Image-text web data:

§

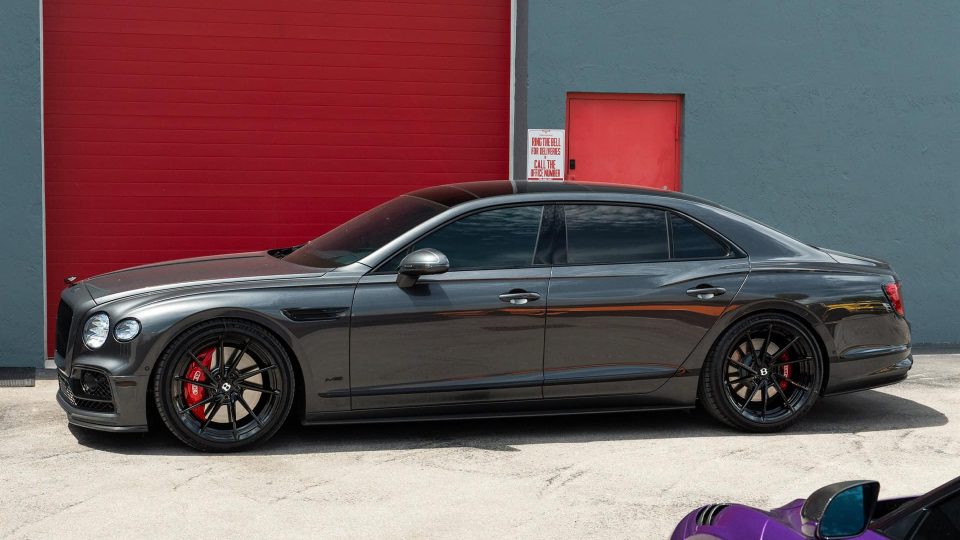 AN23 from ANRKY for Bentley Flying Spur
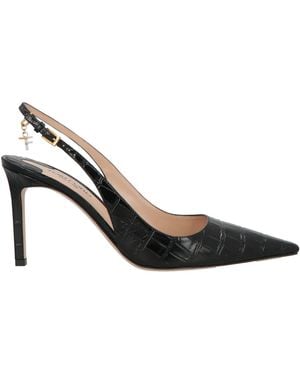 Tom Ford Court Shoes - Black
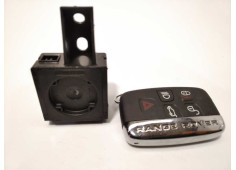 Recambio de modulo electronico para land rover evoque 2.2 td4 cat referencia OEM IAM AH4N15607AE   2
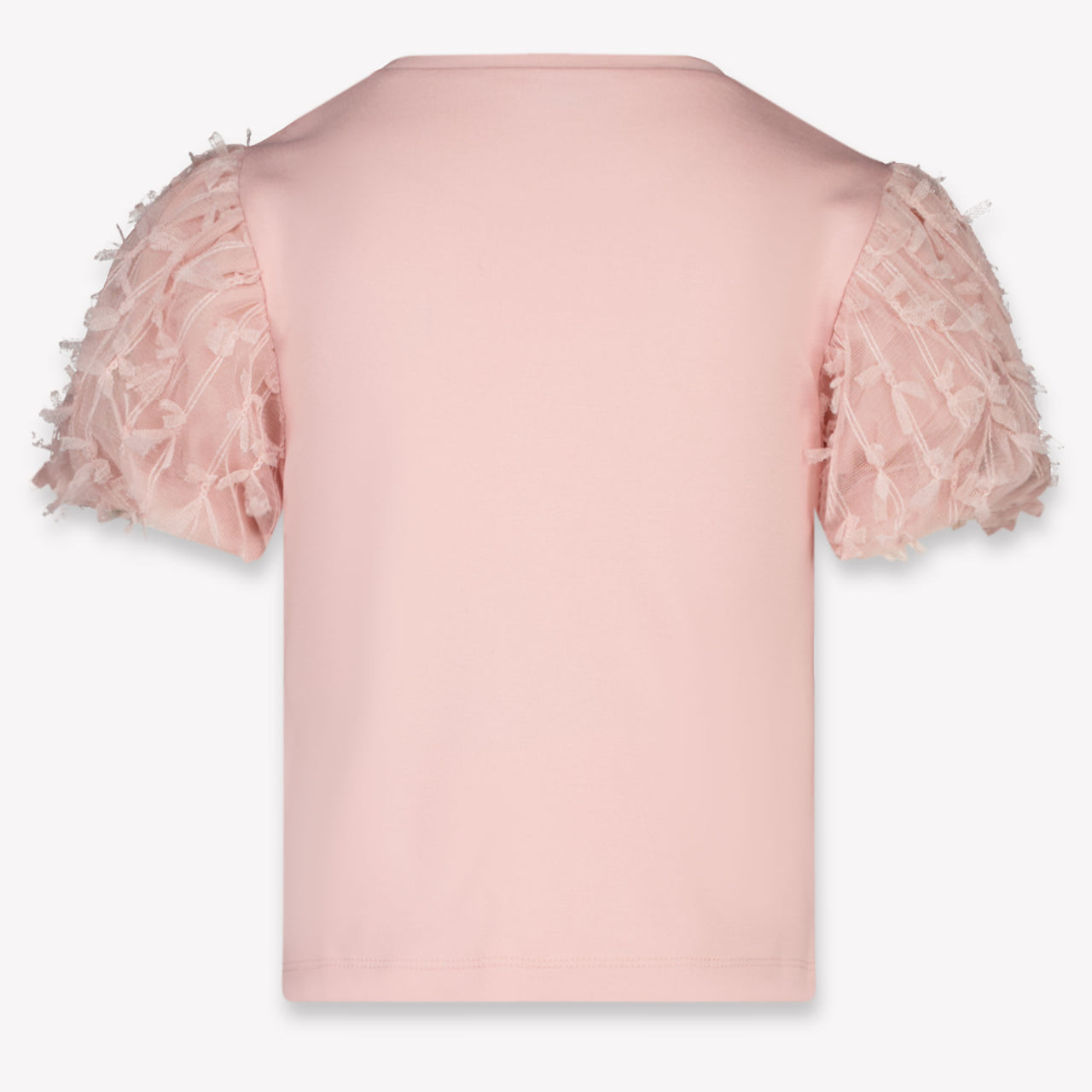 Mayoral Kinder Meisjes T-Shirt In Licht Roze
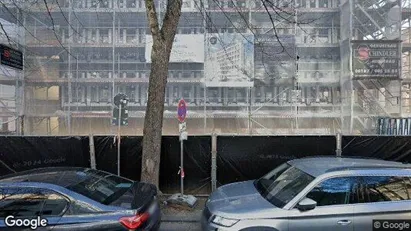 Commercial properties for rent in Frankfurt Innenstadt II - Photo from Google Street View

§

= Instructions to follow =
Exclude the pictures and write out exactly the lines from the one holding "Recambio de modulo" through the end of the entries, inclusive, and only those.

= Task response =
 Recambio de modulo electronico para land rover evoque 2.2 td4 cat referencia OEM IAM AH4N15607AE   2
 Mayoral Kinder Meisjes T-Shirt In Licht Roze
 Commercial properties for rent in Frankfurt Innenstadt II - Photo from Google Street View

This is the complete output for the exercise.